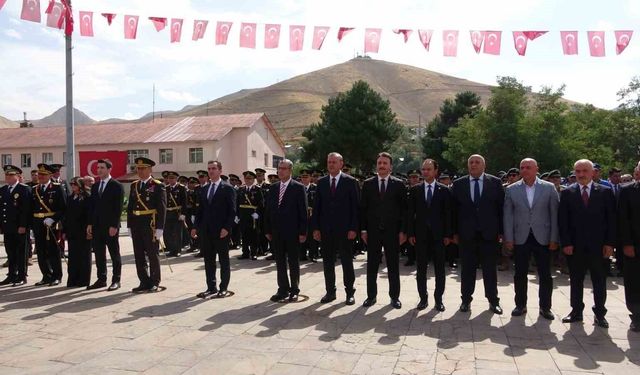 Bitlis'te 30 Ağustos Zafer Bayramı kutlandı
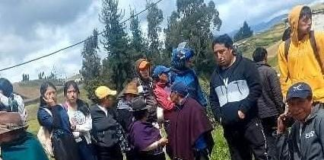 La tarde del 1 de mayo se tiñó de tragedia en el cantón Colta, cuando dos adolescentes fueron arrollados por una camioneta doble cabina que se desplazaba a gran velocidad por la carretera Panamericana E35.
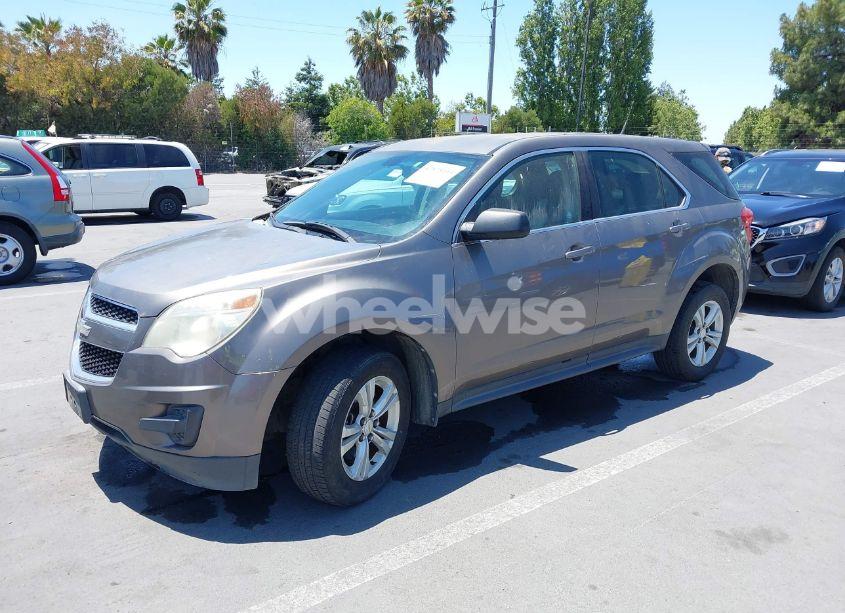 Photo 2 of 2010 Chevrolet Equinox LS (VIN 2CNALBEW9A6276024)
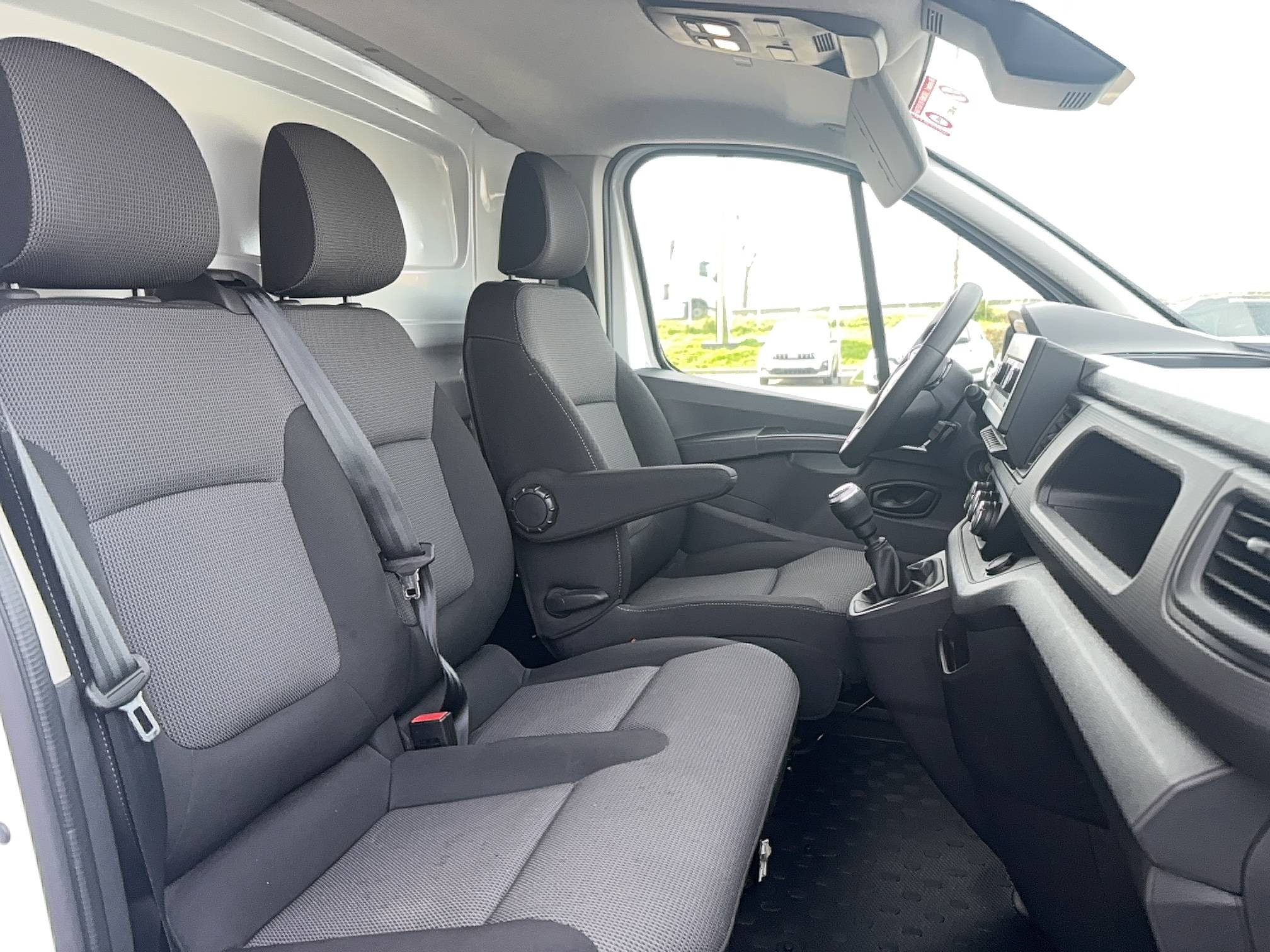 Vente en ligne Renault Trafic 3 Fourgon TRAFIC FGN L1H1 3000 KG BLUE DCI 130 au prix de 23 890 €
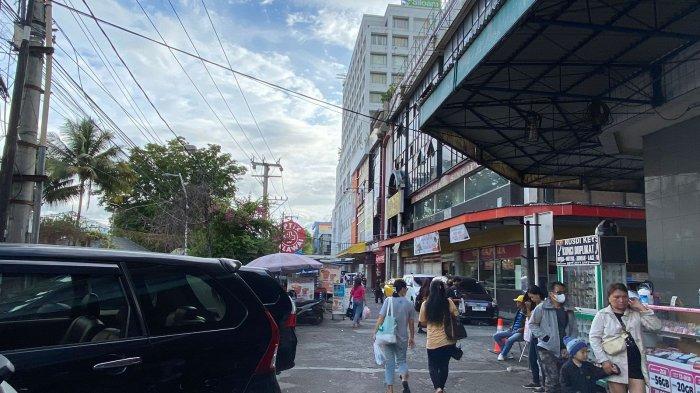 Potret Lahan parkir di Golden pasar Swalayan Manado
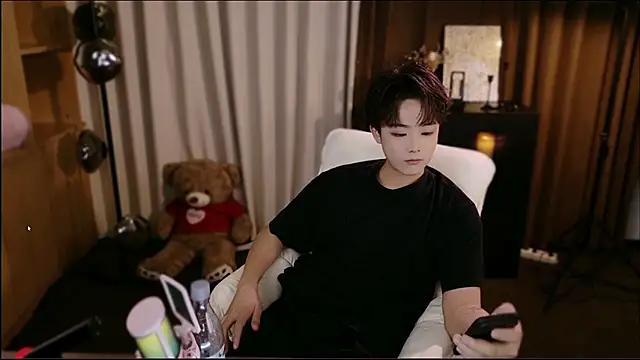 CaiYizhixun's Webcam Show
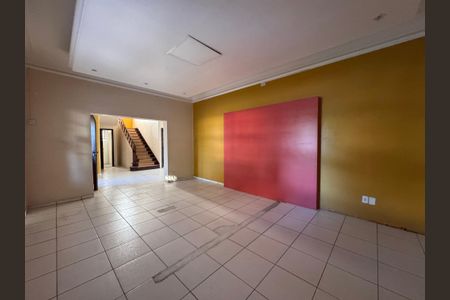 Casa à venda com 472m², 6 quartos e 15 vagasSala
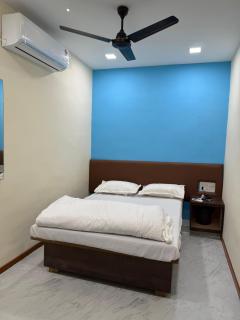 Hotel Marine Line Near Churchgate - Mumbai - 7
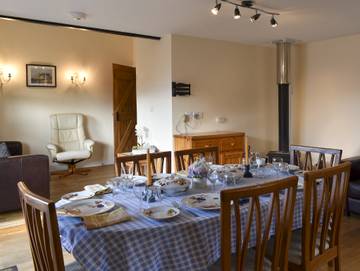 Chalet for 6 People in Okeford Fitzpaine, Cranborne Chase, Photo 3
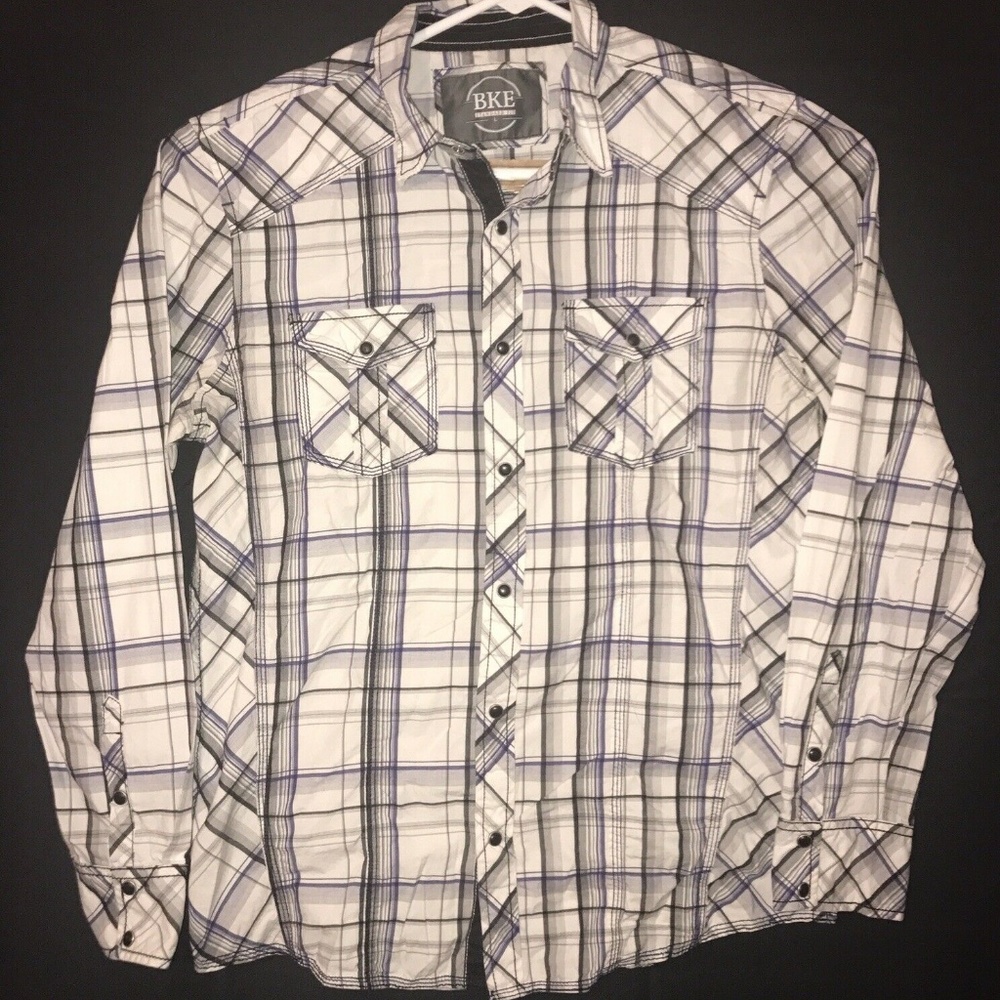 BKE buckle Men Size Large Standard Fit Pearl Snap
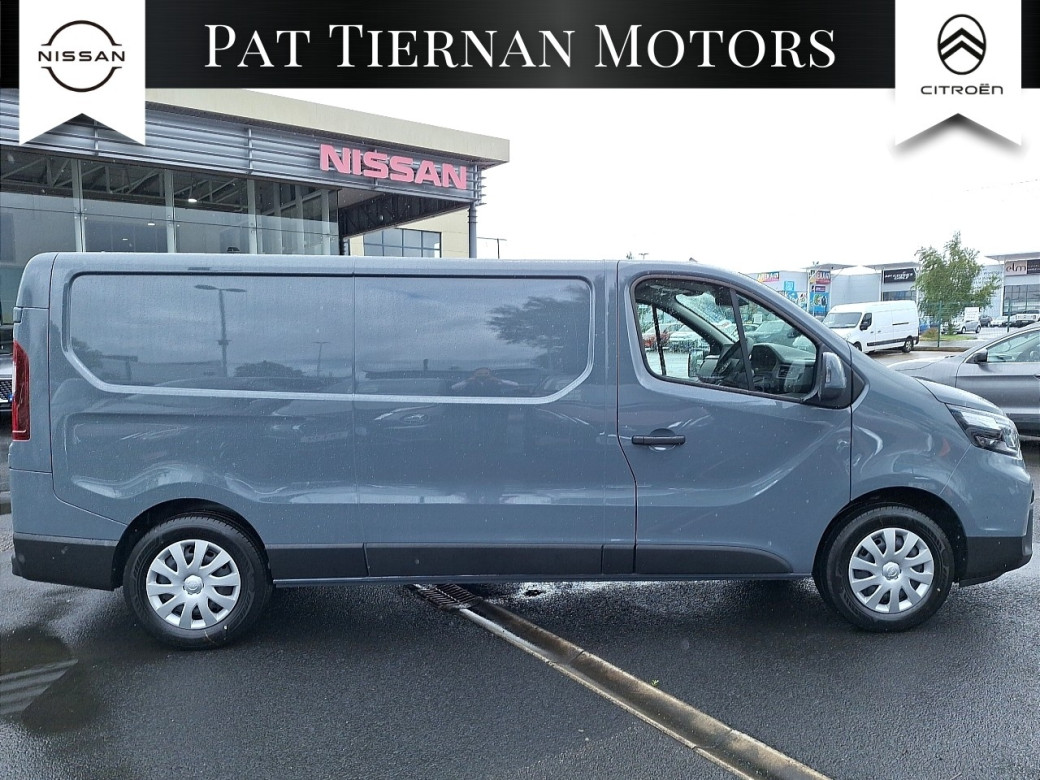 2025 Nissan Primastar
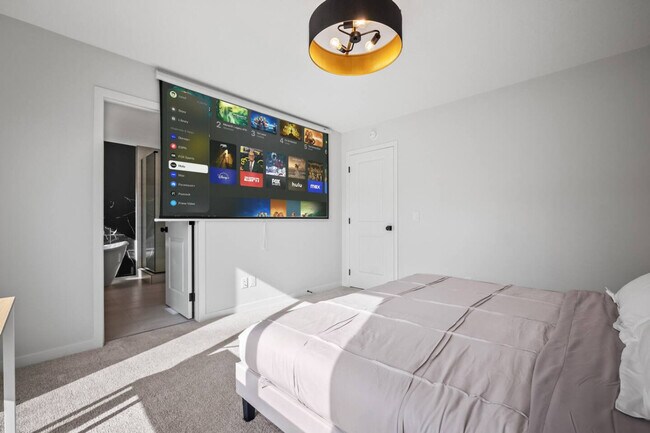 Photo - 53 Edith Cres NW Unit ID1314558P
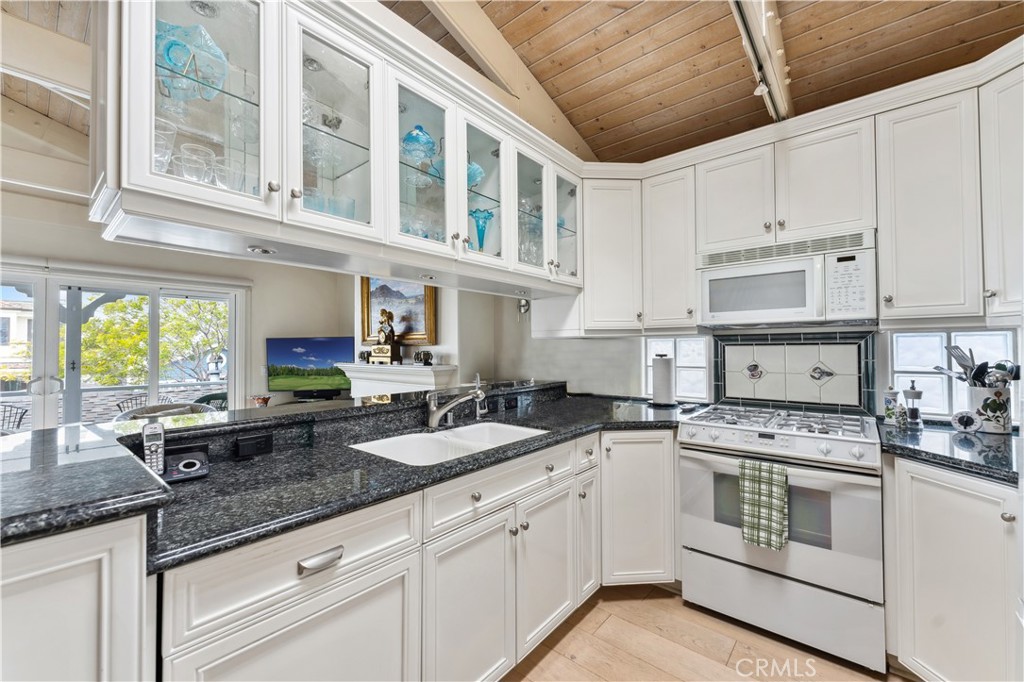 130 Topaz 1/2, Newport Beach CA 92662 - photo 12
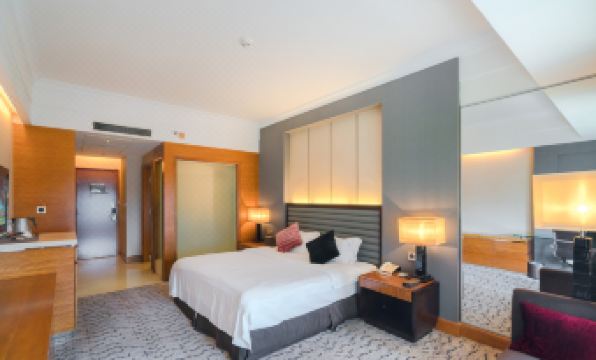 Zhongshan Junchuang Century Hotel (Lihe Plaza)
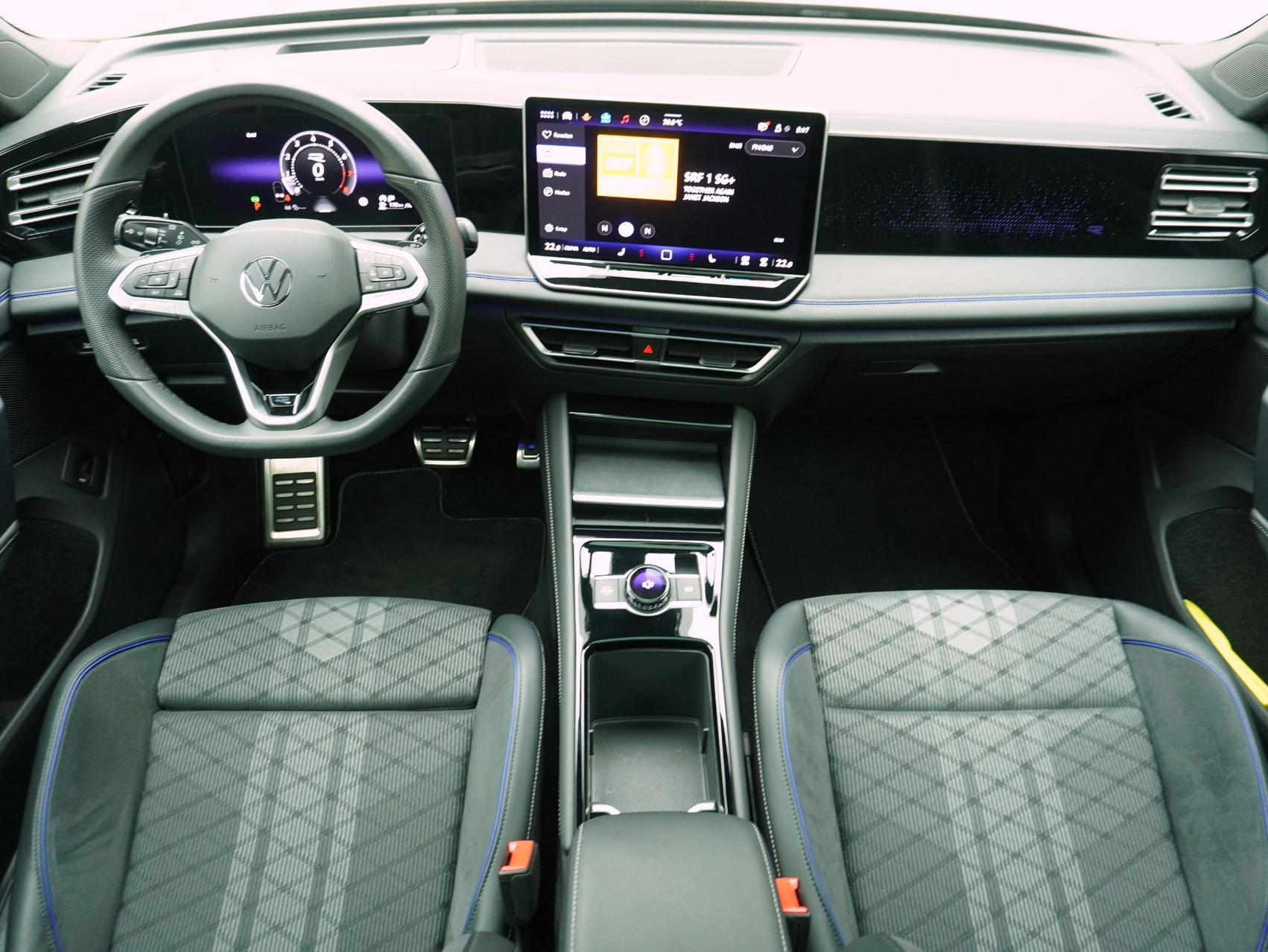 VW Tiguan 2.0 TSI DSG R-Line Black Style 4Motion **VW Werksgarantie bis 01/2030 // 21 Zoll Sommerräder**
+++++
Output the full set of records above without changing a word, and drop the images.

 Bitlis'te 30 Ağustos Zafer Bayramı kutlandı
 La tarde del 1 de mayo se tiñó de tragedia en el cantón Colta, cuando dos adolescentes fueron arrollados por una camioneta doble cabina que se desplazaba a gran velocidad por la carretera Panamericana E35.
 Photo 2 of 2010 Chevrolet Equinox LS (VIN 2CNALBEW9A6276024)
 Vente en ligne Renault Trafic 3 Fourgon TRAFIC FGN L1H1 3000 KG BLUE DCI 130 au prix de 23 890 €
 Potret Lahan parkir di Golden pasar Swalayan Manado
 CaiYizhixun's Webcam Show
 Casa à venda com 472m², 6 quartos e 15 vagasSala
 Hotel Marine Line Near Churchgate - Mumbai - 7
 Chalet for 6 People in Okeford Fitzpaine, Cranborne Chase, Photo 3
 BKE buckle Men Size Large Standard Fit Pearl Snap
 2025 Nissan Primastar
 Photo - 53 Edith Cres NW Unit ID1314558P
 130 Topaz 1/2, Newport Beach CA 92662 - photo 12
 Zhongshan Junchuang Century Hotel (Lihe Plaza)
 VW Tiguan 2.0 TSI DSG R-Line Black Style 4Motion **VW Werksgarantie bis 01/2030 // 21 Zoll Sommerräder**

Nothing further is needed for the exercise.